* **YOUR INSTRUCTIONS**
Starting with the line that contains "Babalar Günü Hediyesi" and stopping after the line that contains "Э871053-26219/22-01 Футболка Samoon", copy the entries below exactly. Include nothing else.

* **EXTRACTED RECORDS**

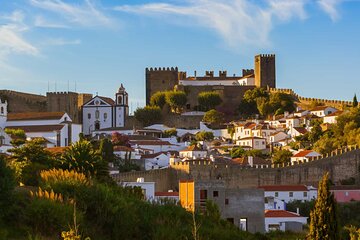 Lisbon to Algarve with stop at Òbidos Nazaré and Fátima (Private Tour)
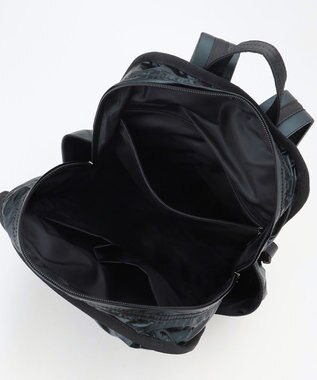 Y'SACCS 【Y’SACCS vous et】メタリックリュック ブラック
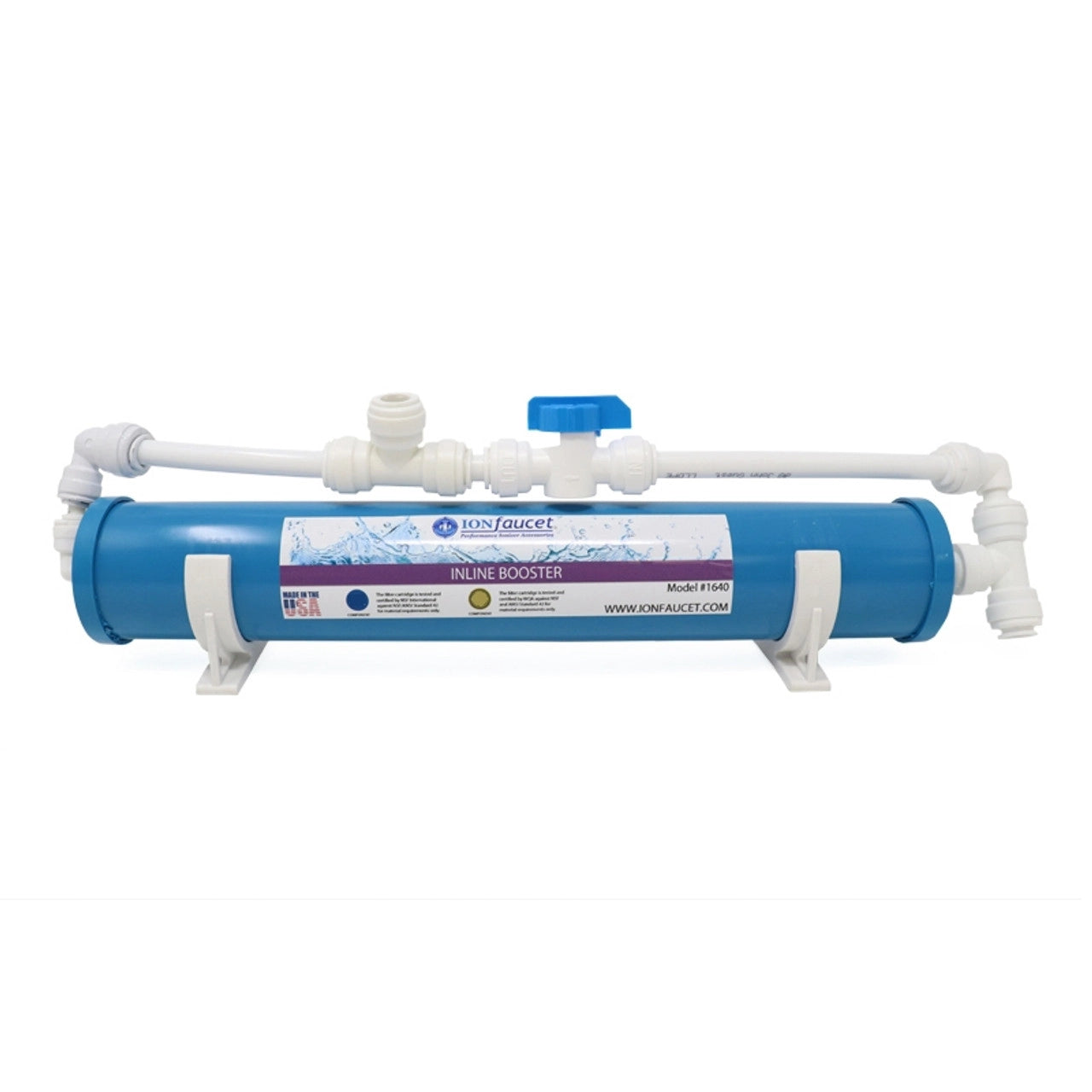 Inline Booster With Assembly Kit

* * *

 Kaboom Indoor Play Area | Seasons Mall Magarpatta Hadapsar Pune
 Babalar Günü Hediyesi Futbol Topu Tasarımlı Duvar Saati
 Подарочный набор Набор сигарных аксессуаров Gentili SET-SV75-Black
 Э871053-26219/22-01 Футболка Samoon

* **TASK RESPONSE**
 Babalar Günü Hediyesi Futbol Topu Tasarımlı Duvar Saati
 Подарочный набор Набор сигарных аксессуаров Gentili SET-SV75-Black
 Э871053-26219/22-01 Футболка Samoon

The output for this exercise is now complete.